In [1]:
import pandas as pd
import numpy as np
import networkx as nx
from datetime import datetime
import matplotlib.pyplot as plt
from random import random
import warnings

In [2]:
# Data reading
DATA_FOLDER = "Data/"

epinions = pd.read_table(DATA_FOLDER + 'soc-sign-epinions.txt', 
                         names=['Source','Target','Weight'],comment='#',header=None).rename_axis('Epinions',axis=1)
slashdot = pd.read_table(DATA_FOLDER + 'soc-sign-Slashdot090221.txt', 
                         names=['Source','Target','Weight'],comment='#',header=None).rename_axis('Slashdot',axis=1)
wikielec = pd.read_csv(DATA_FOLDER + 'wikipedia.csv').rename_axis('Wikipedia',axis=1)

In [3]:
# Display of the same structures datasets
display(epinions.head())
display(slashdot.head())
display(wikielec.head())

Epinions,Source,Target,Weight
0,0,1,-1
1,1,128552,-1
2,2,3,1
3,4,5,-1
4,4,155,-1


Slashdot,Source,Target,Weight
0,0,1,1
1,0,2,1
2,0,3,1
3,0,4,1
4,0,5,1


Wikipedia,Source,Target,Weight
0,3,30,1
1,25,30,-1
2,4,30,1
3,5,30,1
4,6,30,1


# PAUL

### Weight average prediction

#### Idea

This prediction method is used to predict edges' weight locally.
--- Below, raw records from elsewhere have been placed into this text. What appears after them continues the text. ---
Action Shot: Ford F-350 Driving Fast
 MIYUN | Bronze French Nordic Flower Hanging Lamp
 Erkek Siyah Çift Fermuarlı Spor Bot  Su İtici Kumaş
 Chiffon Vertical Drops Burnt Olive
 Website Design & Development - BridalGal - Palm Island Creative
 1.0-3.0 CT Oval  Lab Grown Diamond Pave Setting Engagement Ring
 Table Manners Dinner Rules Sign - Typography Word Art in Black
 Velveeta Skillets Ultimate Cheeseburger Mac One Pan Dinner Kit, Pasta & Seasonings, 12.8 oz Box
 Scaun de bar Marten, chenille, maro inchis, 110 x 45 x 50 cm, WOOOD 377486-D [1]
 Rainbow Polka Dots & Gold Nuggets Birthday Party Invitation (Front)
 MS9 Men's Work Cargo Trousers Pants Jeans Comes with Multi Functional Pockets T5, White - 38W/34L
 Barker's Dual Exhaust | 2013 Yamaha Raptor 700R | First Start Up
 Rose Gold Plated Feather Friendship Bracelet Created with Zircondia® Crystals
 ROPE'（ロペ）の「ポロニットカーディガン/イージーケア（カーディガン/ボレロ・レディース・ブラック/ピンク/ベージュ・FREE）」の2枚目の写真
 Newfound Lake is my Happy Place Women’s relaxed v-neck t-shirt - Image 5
That means that we do not look at the overall structure of the graph but only at a few nodes. The idea behind this technique is simple. To predict the weight of an edge, we only look at the two nodes forming this edge as well as their connected edges. First, we calculate the average of weights of the outgoing edges for the source node. Then, we also calculate the average of weights of the ingoing edges for the target node. Finally we compare those two means:

- If both are positive, the predicted edge will be positive
- If both are negative, the predicted edge will be negative
- If the two means have different signs, the sign of the largest mean in absolute value will give the edge prediction

For example, if the average of outgoing edges is -0.7 and the average of ingoing edges is 0.3, the predicted edge will then be -1.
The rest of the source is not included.